Enterprise Risk Management is defined as “a process, affected by an entity's board of directors, management and other personnel, applied in strategy setting and across the enterprise, designed to identify potential events that may affect the entity, and manage risks to be within its risk appetite, to provide reasonable assurance regarding the achievement of entity objectives.” Under ISO 14971, it is more simply defined as the “Systematic application of management policies, procedures, and practices to the tasks of analyzing, evaluating, and controlling risk”.
In today’s competitive market, enterprise risk management is essential to survival. Xybion offers a comprehensive risk management software solution that allows organizations to conduct activities related to identification , management and mitigation of risks. The Risk and Compliance Management (RCM) software solution delivers powerful and flexible capabilities to help organizations model their risk methodology, capture risks, and quickly identify high risk areas across the enterprise.
Xybion’s Enterprise Risk Management software solution delivers the following capabilities:
Create a Risk Classification Library
Organizations can create a hierarchical structure of risk categories to ensure that risks are appropriately classified thereby helping the company ascertain if the highest risks are strategic, operational, marketing, etc. In addition the risk classification also serves as a risk library allowing organizations to maintain and update a common list of risks typically found in their organization.
Identify Business Unit and Corporate Risks
Within the risk compliance structure, companies can pull risks from the library and link them to the affected business units within the corporation. Companies can determine which fields are collected on each risk, which can include links to products, equipment, and many other fields. As a result, corporations can create reports to provide them a list of risks by business unit, equipment, etc. eGRC Enterprise is unique in that it allows the ease of identifying risks by pulling from a library, but also the capability to establish some site-specific information on that risk and identifying if that is a risk that really provides greater detail on a “higher level” risk.

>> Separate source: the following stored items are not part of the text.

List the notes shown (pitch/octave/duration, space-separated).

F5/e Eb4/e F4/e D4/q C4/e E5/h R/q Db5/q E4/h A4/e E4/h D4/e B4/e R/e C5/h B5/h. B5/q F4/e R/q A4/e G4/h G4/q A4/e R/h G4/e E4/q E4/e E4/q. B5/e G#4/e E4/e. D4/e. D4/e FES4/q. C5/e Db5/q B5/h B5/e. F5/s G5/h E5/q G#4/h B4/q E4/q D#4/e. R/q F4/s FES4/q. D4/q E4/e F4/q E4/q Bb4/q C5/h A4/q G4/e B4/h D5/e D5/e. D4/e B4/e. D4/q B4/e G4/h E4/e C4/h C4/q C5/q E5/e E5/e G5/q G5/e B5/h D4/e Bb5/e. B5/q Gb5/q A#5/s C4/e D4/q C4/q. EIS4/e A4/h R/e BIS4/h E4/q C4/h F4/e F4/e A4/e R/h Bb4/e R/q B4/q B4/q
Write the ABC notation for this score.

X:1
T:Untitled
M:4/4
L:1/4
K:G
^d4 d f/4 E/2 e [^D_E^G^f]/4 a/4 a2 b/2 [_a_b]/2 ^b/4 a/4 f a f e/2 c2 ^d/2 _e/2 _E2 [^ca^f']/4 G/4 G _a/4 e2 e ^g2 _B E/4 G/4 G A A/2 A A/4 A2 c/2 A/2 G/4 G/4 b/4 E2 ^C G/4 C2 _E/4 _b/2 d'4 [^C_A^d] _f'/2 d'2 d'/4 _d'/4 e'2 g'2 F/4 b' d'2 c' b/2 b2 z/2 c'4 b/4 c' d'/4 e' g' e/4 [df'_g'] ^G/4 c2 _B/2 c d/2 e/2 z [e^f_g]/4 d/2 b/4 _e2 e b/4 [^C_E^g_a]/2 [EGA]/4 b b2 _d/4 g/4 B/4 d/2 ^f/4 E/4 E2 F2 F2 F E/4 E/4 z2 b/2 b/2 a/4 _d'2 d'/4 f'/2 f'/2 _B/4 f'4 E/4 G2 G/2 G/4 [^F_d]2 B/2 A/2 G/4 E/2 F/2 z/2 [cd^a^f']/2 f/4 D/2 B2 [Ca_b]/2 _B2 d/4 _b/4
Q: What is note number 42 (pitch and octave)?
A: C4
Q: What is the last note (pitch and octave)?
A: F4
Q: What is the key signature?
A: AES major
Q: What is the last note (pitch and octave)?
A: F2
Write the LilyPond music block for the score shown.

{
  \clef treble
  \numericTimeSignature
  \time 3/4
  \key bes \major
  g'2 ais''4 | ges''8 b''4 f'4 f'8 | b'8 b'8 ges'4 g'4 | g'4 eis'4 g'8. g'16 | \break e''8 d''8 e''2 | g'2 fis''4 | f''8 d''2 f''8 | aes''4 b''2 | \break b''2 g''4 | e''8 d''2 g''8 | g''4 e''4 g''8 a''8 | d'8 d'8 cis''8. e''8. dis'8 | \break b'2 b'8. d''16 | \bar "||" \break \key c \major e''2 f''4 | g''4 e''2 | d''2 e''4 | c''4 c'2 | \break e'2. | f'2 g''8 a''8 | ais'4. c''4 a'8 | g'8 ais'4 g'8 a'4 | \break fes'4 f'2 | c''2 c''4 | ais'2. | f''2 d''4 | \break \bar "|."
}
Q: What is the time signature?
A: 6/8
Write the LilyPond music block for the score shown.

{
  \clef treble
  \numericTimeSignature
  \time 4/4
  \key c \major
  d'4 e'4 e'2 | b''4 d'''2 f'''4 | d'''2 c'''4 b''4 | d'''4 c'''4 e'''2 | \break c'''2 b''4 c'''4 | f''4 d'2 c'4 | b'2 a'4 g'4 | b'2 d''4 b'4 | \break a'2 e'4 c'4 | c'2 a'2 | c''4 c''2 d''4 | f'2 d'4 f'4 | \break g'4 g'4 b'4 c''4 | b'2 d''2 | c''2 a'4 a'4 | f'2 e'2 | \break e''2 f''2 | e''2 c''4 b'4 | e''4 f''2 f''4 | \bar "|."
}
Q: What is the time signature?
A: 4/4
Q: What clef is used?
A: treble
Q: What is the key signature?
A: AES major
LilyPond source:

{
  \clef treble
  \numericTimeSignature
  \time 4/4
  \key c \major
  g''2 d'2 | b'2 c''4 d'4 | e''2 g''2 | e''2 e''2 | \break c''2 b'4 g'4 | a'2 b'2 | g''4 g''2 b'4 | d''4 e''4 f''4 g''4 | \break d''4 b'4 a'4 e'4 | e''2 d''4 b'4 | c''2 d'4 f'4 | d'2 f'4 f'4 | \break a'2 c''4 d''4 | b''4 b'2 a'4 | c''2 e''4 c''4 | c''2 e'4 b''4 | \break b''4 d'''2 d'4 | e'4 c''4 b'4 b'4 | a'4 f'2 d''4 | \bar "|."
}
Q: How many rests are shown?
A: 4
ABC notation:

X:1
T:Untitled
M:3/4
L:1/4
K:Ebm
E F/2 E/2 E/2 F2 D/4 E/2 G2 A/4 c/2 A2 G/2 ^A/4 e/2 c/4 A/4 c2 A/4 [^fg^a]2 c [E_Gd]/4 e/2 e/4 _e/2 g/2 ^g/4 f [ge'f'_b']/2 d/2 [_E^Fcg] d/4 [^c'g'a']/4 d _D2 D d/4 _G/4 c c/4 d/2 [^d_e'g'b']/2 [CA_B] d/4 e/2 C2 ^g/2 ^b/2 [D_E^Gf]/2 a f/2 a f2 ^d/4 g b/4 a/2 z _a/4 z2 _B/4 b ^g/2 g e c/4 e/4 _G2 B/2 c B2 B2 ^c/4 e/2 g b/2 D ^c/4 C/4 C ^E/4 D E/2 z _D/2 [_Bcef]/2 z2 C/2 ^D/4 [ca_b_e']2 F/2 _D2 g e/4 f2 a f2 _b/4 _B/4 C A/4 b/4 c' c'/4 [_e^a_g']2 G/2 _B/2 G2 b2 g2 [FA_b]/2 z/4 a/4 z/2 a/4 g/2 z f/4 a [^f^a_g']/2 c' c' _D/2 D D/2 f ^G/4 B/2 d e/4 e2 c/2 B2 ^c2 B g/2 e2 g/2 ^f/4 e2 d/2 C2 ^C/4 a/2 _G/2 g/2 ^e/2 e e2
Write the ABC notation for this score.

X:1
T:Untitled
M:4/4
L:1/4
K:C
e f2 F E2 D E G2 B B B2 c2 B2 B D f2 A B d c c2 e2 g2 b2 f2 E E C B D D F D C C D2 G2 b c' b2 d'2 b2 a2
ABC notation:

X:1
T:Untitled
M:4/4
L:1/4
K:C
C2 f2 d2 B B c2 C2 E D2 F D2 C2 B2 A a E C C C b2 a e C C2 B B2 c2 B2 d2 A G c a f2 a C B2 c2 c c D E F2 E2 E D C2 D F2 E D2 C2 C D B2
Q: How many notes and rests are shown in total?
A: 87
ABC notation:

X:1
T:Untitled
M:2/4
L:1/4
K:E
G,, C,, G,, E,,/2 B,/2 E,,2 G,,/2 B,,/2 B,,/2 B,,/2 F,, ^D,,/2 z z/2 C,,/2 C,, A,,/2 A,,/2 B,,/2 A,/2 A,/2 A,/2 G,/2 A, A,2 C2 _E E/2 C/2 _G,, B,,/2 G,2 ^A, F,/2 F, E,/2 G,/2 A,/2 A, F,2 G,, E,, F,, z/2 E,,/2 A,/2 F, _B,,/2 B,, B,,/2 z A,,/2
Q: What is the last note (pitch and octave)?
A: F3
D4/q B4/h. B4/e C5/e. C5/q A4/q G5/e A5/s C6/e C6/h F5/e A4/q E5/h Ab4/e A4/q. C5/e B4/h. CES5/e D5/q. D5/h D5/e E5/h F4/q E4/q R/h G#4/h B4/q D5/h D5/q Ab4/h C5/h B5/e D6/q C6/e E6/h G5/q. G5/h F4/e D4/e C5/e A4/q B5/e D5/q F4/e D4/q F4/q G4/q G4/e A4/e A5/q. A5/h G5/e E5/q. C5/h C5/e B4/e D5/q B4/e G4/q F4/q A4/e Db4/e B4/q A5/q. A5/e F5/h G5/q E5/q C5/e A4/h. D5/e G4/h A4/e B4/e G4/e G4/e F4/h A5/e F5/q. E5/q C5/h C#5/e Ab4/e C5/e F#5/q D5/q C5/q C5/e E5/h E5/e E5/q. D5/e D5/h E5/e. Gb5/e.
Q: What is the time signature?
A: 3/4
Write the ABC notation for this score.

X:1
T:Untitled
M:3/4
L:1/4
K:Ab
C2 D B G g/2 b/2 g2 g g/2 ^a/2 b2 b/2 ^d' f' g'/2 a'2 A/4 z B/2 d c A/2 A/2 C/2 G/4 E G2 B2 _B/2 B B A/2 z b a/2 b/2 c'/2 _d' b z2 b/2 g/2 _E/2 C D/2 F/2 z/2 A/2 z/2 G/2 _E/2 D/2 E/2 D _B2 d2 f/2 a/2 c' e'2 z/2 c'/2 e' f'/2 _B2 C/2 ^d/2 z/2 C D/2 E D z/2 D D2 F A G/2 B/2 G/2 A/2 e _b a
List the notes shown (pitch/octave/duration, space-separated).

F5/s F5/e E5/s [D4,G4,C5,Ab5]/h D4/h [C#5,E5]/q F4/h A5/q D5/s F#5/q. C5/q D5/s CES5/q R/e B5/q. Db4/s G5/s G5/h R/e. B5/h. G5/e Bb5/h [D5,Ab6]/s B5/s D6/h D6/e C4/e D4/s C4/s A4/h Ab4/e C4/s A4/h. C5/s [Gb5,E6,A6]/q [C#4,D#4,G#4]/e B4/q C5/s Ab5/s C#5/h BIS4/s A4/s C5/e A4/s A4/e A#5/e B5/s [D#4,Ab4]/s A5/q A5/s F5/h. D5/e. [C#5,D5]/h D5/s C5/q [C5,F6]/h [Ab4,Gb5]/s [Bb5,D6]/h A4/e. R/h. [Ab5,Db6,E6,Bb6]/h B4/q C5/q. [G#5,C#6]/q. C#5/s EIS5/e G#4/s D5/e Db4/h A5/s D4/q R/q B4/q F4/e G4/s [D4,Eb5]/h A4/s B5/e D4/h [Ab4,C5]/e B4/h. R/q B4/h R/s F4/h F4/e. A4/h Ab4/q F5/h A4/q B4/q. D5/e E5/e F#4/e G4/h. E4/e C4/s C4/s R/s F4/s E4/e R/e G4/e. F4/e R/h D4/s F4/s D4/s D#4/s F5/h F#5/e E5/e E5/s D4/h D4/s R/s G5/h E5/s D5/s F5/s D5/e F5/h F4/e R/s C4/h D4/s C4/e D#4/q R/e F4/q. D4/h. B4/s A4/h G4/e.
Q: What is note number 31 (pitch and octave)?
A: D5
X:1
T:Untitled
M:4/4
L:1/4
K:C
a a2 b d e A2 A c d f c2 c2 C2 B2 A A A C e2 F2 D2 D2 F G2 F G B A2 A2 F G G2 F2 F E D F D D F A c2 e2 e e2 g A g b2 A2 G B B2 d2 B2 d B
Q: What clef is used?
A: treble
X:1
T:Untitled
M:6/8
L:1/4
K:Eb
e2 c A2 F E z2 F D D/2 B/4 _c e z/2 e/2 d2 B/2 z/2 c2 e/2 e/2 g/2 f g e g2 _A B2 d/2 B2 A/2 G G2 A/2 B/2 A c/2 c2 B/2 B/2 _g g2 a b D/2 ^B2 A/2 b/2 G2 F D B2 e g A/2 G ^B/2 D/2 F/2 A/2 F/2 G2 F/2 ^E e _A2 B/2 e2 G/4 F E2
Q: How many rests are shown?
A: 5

Create a Risk Rating Scheme
Xybion provides the flexibility of building various risk ratings based on your choice of qualitative parameters. For example, some organizations assess risk via a likelihood and severity matrix, others with a probability and consequence matrix. With Xybion, you can set up more than one risk rating (e.g., inherent and residual risks), set the parameters (e.g., likelihood) that will determine the risk values, establish the choices, and set the color coded results.
Perform Risk Assessments/Decisions
Risk assessments become a breeze with Xybion as you can establish the risk assessment workflow template within the process designer. With that you can set which fields are collected during the evaluation, whether approvals are required, and if other tasks must be performed prior to the close of the assessment. Once the template is quickly built, you can simply select a set of risks and start an assessment. The system even allows the functionality if you want to create one workflow for the business units to assess the risks and later for the corporate risk committee to perform a separate evaluation.
Perform Risk Mitigation
Because there are many fields to choose from in the risk evaluation, the organization can log a risk decision, a priority, control effectiveness, and other evaluation fields on the risk. For those risks that must be mitigated, the organization can launch a corrective action in order to put in place the appropriate controls or perform the needed activities to reduce the residual risk and track the status of those corrective actions.
Create Risk Reports
Xybion's risk management software tools are part of our enterprise governance, risk and compliance software suite and allow companies to integrate processes such as CAPA, Audit, IT Governance, Risk, Non-Conformance and more in a single, enterprise software application.